Short descriptive text snippets:

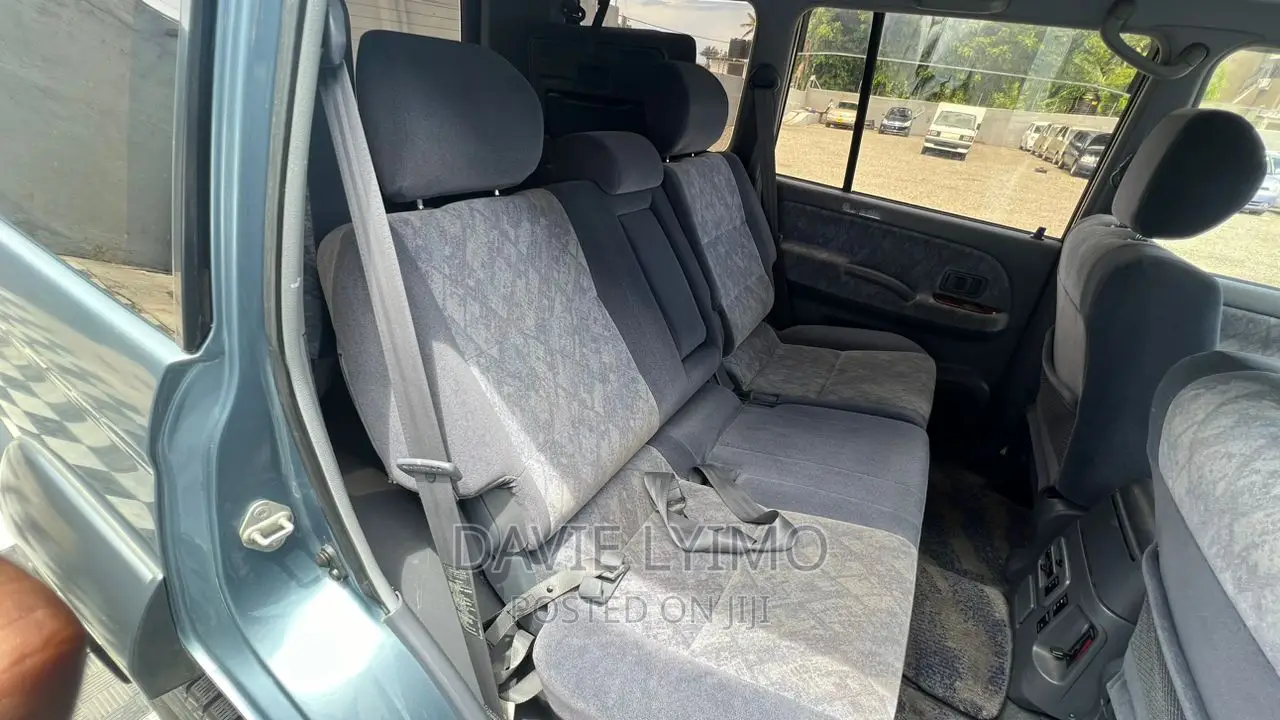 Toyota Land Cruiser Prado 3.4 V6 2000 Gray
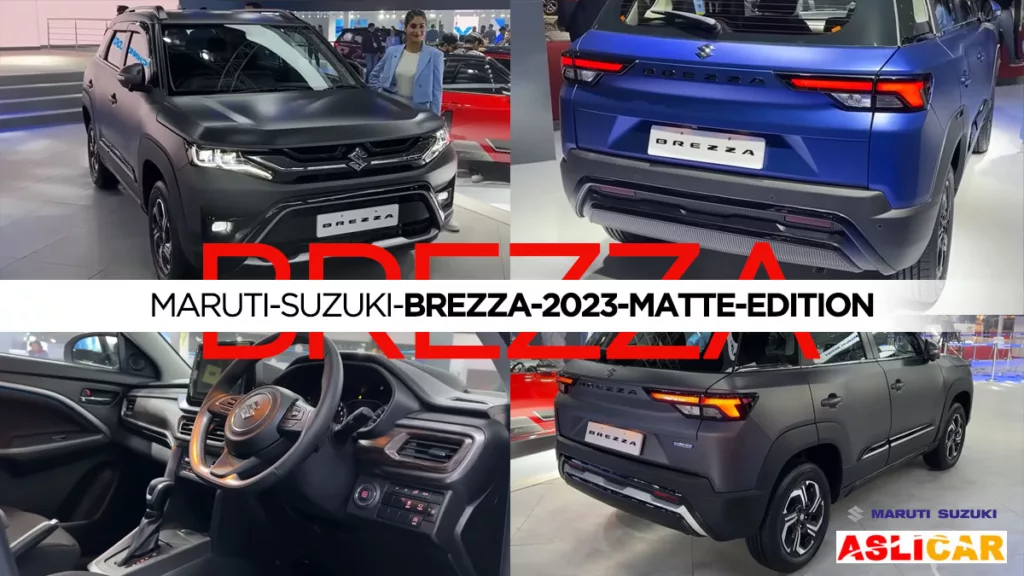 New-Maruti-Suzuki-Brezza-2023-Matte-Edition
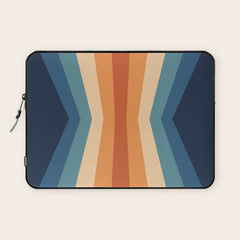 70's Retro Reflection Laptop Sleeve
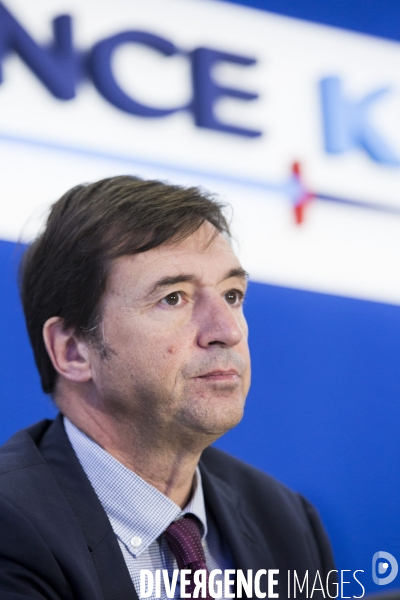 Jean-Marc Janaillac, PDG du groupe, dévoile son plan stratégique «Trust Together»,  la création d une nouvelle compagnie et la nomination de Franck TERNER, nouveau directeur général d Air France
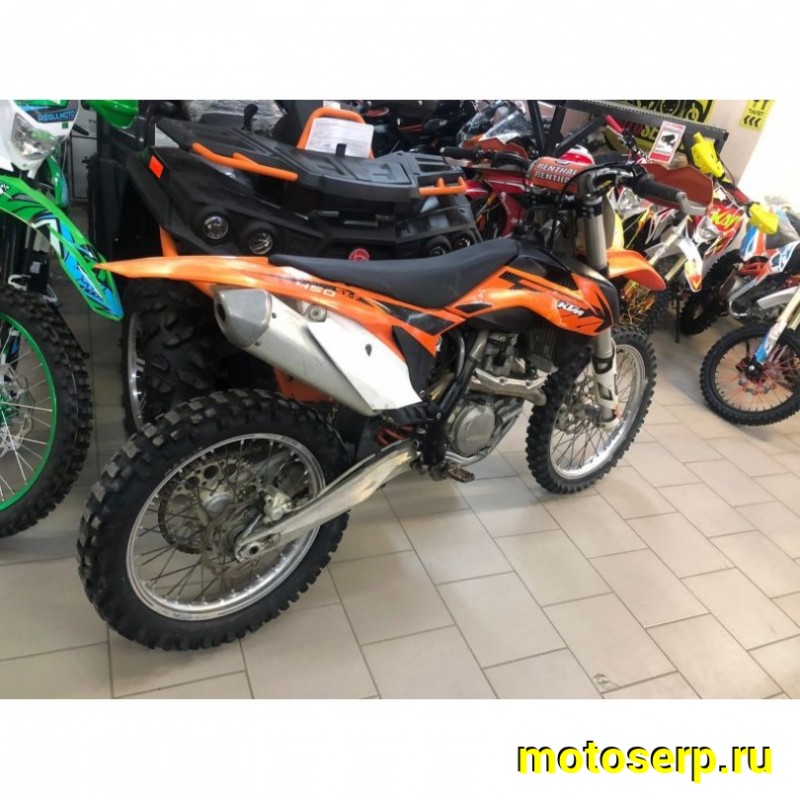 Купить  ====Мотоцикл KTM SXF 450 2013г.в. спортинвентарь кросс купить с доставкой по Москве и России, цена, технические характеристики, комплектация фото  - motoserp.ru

What the task asks: The entries above need to be transcribed word for word, and the pictures stay out.

Problem solution:
 Toyota Land Cruiser Prado 3.4 V6 2000 Gray
 New-Maruti-Suzuki-Brezza-2023-Matte-Edition
 70's Retro Reflection Laptop Sleeve
 Jean-Marc Janaillac, PDG du groupe, dévoile son plan stratégique «Trust Together»,  la création d une nouvelle compagnie et la nomination de Franck TERNER, nouveau directeur général d Air France
 Купить  ====Мотоцикл KTM SXF 450 2013г.в. спортинвентарь кросс купить с доставкой по Москве и России, цена, технические характеристики, комплектация фото  - motoserp.ru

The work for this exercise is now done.